Squamish resident to receive Courage to Come Back award

Amanda Schell woke up startled one night. When she looked outside her window, she could see ghosts and spiders creeping up to her. She was in Grade 2.

"They just felt so real," Schell said, recalling the first of many hallucinatory experiences that would slowly dissolve the core of her life.

"I just became extremely afraid of the dark and I could hardly sleep."

Next time it happened a decade later, the hallucination was auditory. Out on a camping trip with her friends in Grade 12, she heard a woman singing a slow mournful song as Schell made her way to the washroom alone.

When she looked behind, she could see no one. Yet, she could hear soft footsteps and the haunting voice.

"I told my friends about it and we all concluded that I had seen a ghost," Schell said.

What Schell experienced that day was not a ghost, but another sign of schizophrenia, a mental disorder that blurs the difference between real and unreal experiences and deludes the mind into seeing or hearing things that aren't there.

It would take Schell at least a decade to confront her medical condition but in doing so she not only helped herself she worked to raise awareness of mental health issues.

Now Schell is being honoured with a Courage to Come Back Award for her work around mental health issues.

In preparing to accept the award this month for her advocacy she is reflecting back on the time when she was too scared to seek medical help, even as her condition worsened.

Over time, the voices increased in frequency and ferocity, said Schell.

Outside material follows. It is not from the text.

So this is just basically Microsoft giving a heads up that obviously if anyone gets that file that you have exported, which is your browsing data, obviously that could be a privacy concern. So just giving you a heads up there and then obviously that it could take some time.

She would hear background noises all the time- a running TV, whispering, and singing. They eventually mutated into one loud voice. By this time, Schell was convinced that she was haunted.

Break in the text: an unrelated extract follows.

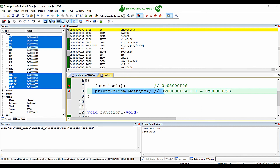This is how the link register helps us return from any function call and resume the process in the caller function. Whether it is the main function or any other caller, the link register stores the return address from which the process must resume. I hope you understood the purpose of the link register practically in this video. See you in the next video, thanks for watching.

"I was hearing this voice on a daily basis and the voice said, I had forsaken Jesus and I was better off not knowing him," she said.

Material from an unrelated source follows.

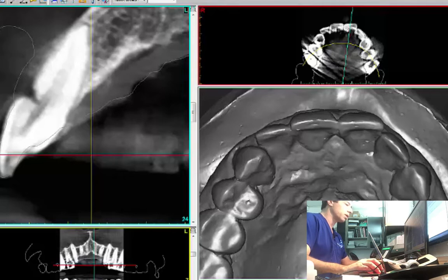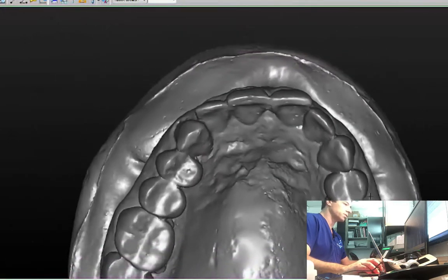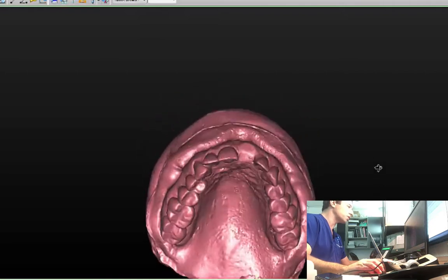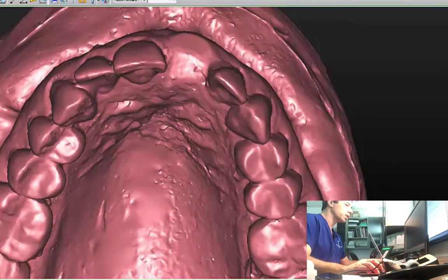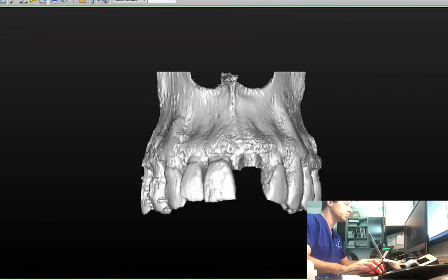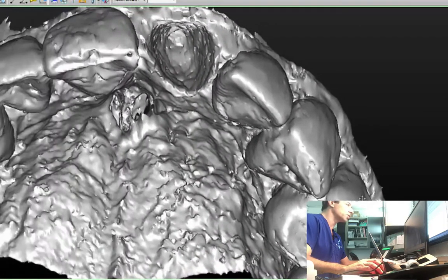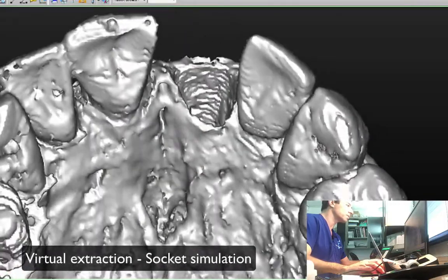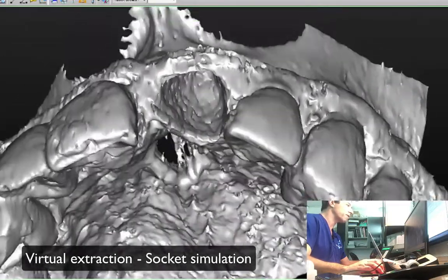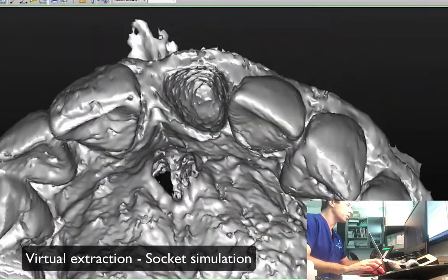So the other thing I have is a virtual extraction of the tooth, and I also had a virtual extraction from the socket, so you can actually tell where the socket is. You see the socket? We have pretty good bone on the palate.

Newly pregnant, she had a nervous breakdown and had to be taken to the local hospital in Sarnia, Ont. She stayed in the psychiatric ward for two weeks, but left with a prescription for anti-depressants and anti-psychotic drugs.

She never explained her condition to the doctors, fearing she would be misunderstood.

"I was afraid of being called crazy," said Schnell.

"I was scared and confused.

"I'd just keep reading the Bible. I was obsessed with trying to find redemption."

Schell moved to Squamish in 1995, and once again, ended up in the psychiatric ward; she was diagnosed with schizophrenia. It was the first step of million little steps that Schell has since taken to reclaim her life.

Once she knew she was not "haunted," she worked with a psychiatrist, followed a course of medication, and expanded her circle of friends in Squamish. Gradually, the voices faded, but they haven't gone away completely.

"Now, I know what it all means when I hear it," she said.

Schell now works as a peer-support worker for Vancouver Coastal Health in Squamish. She trains mental health workers, who have also fought and overcome mental health issues themselves, to help others.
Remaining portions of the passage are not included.